Keluarga Marsinah sendiri dengan tabah menjalani cobaan ini dengan tabah.
Marsinah
adalah gadis biasa dari kampung yang mau mengadu nasib di kota untuk
memperbaiki hidup keluarga sebagai baktinya kepada orang tua. Marsinah lahir
dari keluarga yang bersahaja di desa Nglundo, kecamatan Sukomoro, kabupaten
Nganjuk. Marsinah terlahir sebagai anak ke dua dari tiga bersaudara yang
semuanya adalah perempuan. Kakaknya bernama Marsini sementara adiknya diberi
nama Wijati dan kedua orang tuanya ebrama Astin dan Sumini. Kala Marsinah
berusia tiga tahun, ibundanya berusia 3 tahun (ia lahir pada tahun 1968) dan
adiknya masih berusia 40 hari. Ayahnya, Astin lalu menikah lagi dengan Sarini,
yang berasal dari desa lain. Sejak ayahnya menikah lagi itulah, Marsinah diasuh
oleh sang nenek, Paerah, yang tinggal bersama paman dan bibinya.
Marsinah
adalah gadis biasa dengan masa kecil yang biasa pula. Sebagai anak perempuan
dari kalangan menengah pedesaan, Marsinah tidak terlalu miskin juga tidak kaya.
Namun, Marsinah, seperti anak pada umumnya di negeri dunia ke tiga, bekerja di
usia dini yang membuatnya tampak lebih dewasa dari pada usia yang sebenarnya.

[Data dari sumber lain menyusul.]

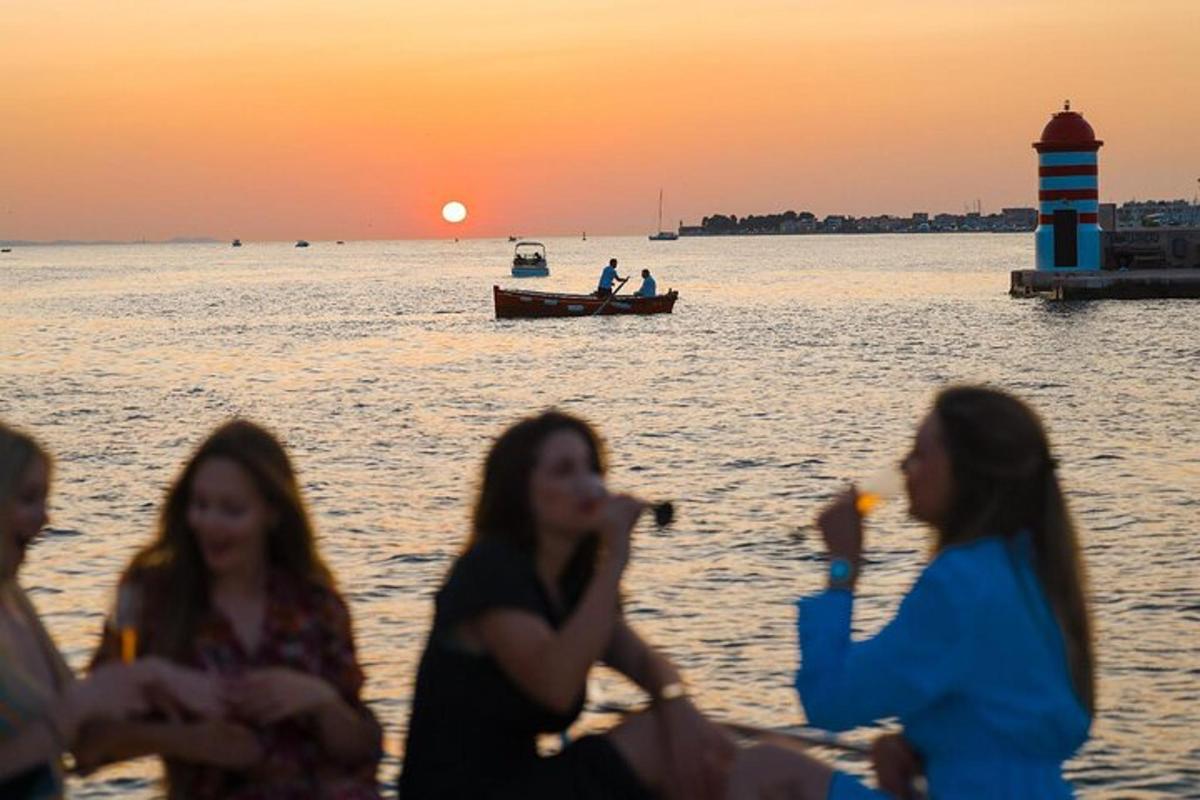 skupina žensk, ki sedijo na plaži in opazujejo sončni zahod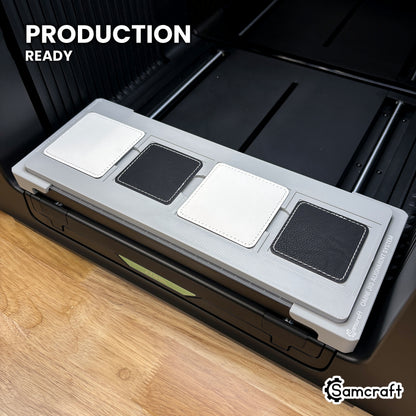 Samcraft square patch jig loaded with four leatherette patches on the xTool Omni UV printer bed, set up for production runs.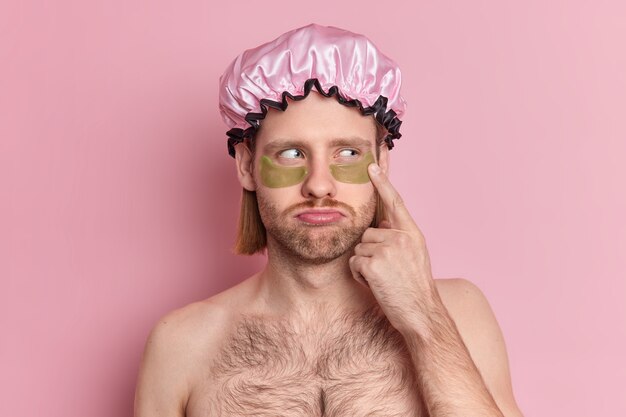 Headshot of unhappy adult European man applies green collagen patches under eyes reduces wrinkles stands shirtless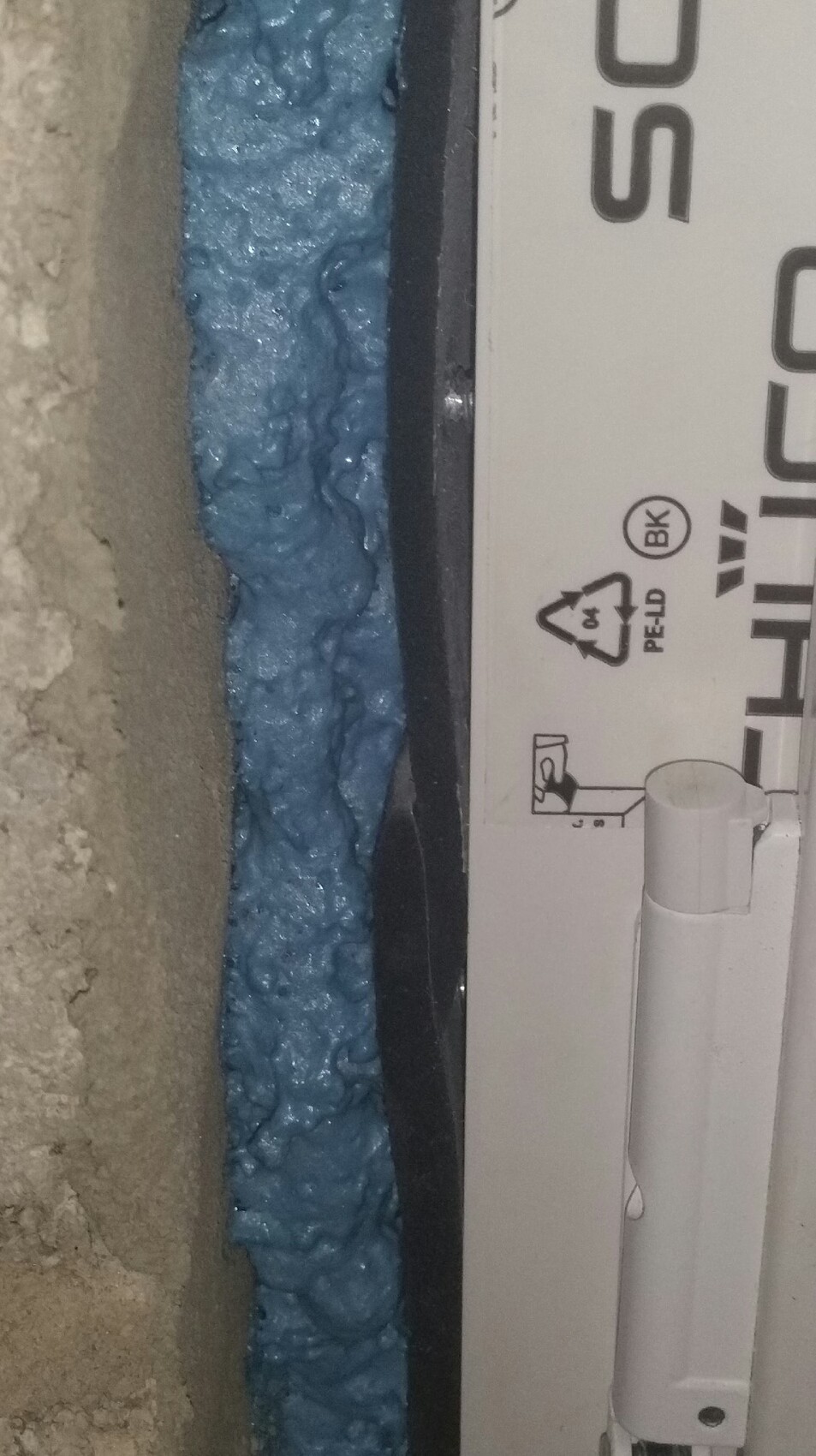 Blaue Daemmungsschaum in Wandöffnung neben Fensterrahmen waehrend Bauarbeiten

Menjadi pekerja anak, adalah lazim di Indonesia baik bekerja di rumah maupun di
pabrik sepulang dari sekolah. Membantu sang nenek menjual gabah dan jagung
adalah rutinitas bagi Marsinah, dengan upah ala kadarnya. Tiap hari Marsinah
mengangkut gabah dengan sepedanya dari sawah ke rumah pembeli gabah.
Di hadapan
teman- teman sekolah dan guurnya, di SD Negeri Nglundo, Marsinah adalah murid
biasa dengan nilai yang biasa- biasa saja. Hanya, Marsinah memliki minat baca
tinggi, dan rajin belajar. Selain, ia memiliki sikap kritis dan bertanggung
jawab. Hampir semua tugas sekolah selalu ia selesaikan dengan kerja keras di
tengah pekerjaannya. Apabila ia tidak paham atas penjelasan gurunya, Marsinah
tidak segan bertanya. Setelah naik kelas enam, Marsinah pindah sekolah ke SD
Negeri Karangsemi dan melanjutkan ke SMP Negeri lima Nganjuk pada tahun ajaran
1981/1982. Seperti murid lainnya, Marsinah juga berusaha untuk masuk ke SMA
Negeri. Namun, upaya Marsinah ini ternyata gagal, yang kemudian akhirnya ia
memilih masuk ke SMA Muhamadiyah dengan bantuan biaya dari pamannya yang lain.
Di sekolah menegah pertama inilah, minat baca Marsinah meningkat. Di waktu
senggang, Marsinah lebih memilih ke perpustakaan dari pada bermain bersama
teman sebayanya. Di sinilah, Marsinah menemukan mimpinya yakni belajar di
Fakultas Hukum. Namun apa dinyana, mimpi itu dipaksa kandas oleh situasi
ekonomi yang tidak memungkinkan.
Akhirnya,
Marsinah tidak memiliki pilihan lain selain bekerja di kota besar, seperti
teman-temannya yang lain. Pada tahun 1989, Marsinah berangkat ke Surabaya dan
menumpang tinggal di rumah kakaknya, Marsini yang sudah berkeluarga. Setelah
berulang kali melamar kerja di berbagai perusahaan, akhirnya Marsinah diterima
bekerja di sebuah pabrik plastik bernama SKW, di kawasan industri Rungkut.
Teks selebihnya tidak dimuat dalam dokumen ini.